New Year’s Eve is an overrated night. Restaurants offer expensive menus and, despite the mask of glitz and glamour, the hype doesn’t always deliver. My favorite way to plan a New Year’s Eve dinner is to invite up to ten guests, and ask them to get dressed fabulously and show up for dinner at 9pm. Always consider timing. If you start the dinner at 7:30 or 8pm, you’re done at 10:30pm and still have 90 minutes to kill before the stroke of midnight.
Plan an easy menu that allows you to be a guest at your own dinner. You should be glued to the dining room chair, not chained to the stove. The key is to be resourceful. Some people like to set the table, some like to cook and some delegate really well. Figure out what you like to do and plan accordingly. Whether you cook the meal yourself, have it catered or have your favorite restaurant make an entrée for you, you can do it rather stress-free. Start with a soup or salad that can be prepared or bought the day before. Heat the soup plates, bring them to the table and pour the soup from a coffee pourer; sprinkle it with something fabulous, and your first course is done. For the main course, you need to serve a one-shot (or one-pot) wonder—something that comes directly from the oven to the table and allows you to serve tableside. It could be a chicken potpie with black truffles, lasagna with white truffles or a beef bourguignon. These are all dishes that can be made a day ahead or easily resourced. Finally, you’ll want to treat your guests with a super chic and decadent dessert that’s store-bought. Dribble some chocolate sauce on a dessert plate, place a scoop of chocolate ice cream on top and place a champagne chocolate truffle on top of the ice cream. Just like that, you now have chocolate three ways!
Of course, this could turn into a costly night. Here are a few things I’ve done to cut costs in the past that have worked really well: You can ask your guests to bring two bottles of champagne each. Perhaps one couple brings red wine, one white wine, one dessert and a bottle of champagne. And if you really want to splurge and take charge on behalf of your friends, add an ounce of caviar each, total all the expenses and divide it between your guests.

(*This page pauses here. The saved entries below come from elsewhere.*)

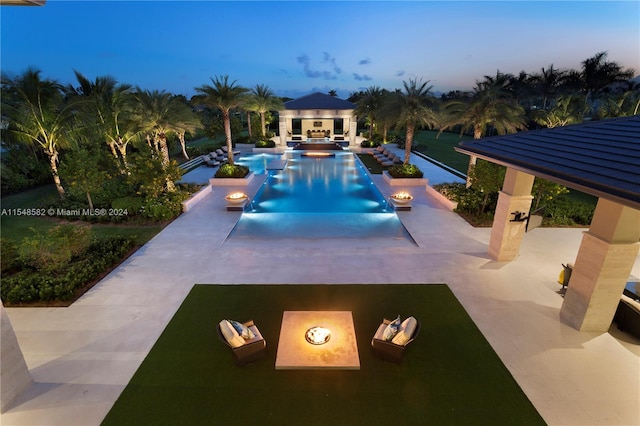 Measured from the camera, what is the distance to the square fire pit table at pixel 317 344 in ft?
18.7

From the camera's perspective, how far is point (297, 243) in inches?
451

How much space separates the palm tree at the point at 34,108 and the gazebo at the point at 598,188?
62.0ft

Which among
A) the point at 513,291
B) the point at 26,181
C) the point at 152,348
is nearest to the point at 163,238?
the point at 152,348

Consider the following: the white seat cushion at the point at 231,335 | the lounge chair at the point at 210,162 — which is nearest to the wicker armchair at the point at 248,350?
the white seat cushion at the point at 231,335

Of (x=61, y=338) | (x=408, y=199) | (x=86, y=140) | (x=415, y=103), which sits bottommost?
(x=61, y=338)

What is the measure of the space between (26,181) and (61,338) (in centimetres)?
1744

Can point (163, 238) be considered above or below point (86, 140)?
below

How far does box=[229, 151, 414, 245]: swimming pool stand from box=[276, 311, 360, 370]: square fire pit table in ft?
17.8

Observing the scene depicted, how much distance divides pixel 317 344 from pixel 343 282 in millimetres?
2801

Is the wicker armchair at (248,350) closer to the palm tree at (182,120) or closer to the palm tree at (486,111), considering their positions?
the palm tree at (486,111)

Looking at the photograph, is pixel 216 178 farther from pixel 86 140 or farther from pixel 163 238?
pixel 163 238

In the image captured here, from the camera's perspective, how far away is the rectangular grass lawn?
498cm

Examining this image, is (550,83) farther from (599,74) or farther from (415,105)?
(415,105)

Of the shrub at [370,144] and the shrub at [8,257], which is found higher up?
the shrub at [370,144]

You should plan on ending dinner around 11:30pm, so you have time to go around the table and ask some fun questions. What was the best thing that happened to you this year? What’s the one thing you want to leave behind this year? And most importantly, what’s your New Year’s resolution? Find interesting ways to interact and bring your guests together before filling those glasses with bubbly and toasting to the New Year!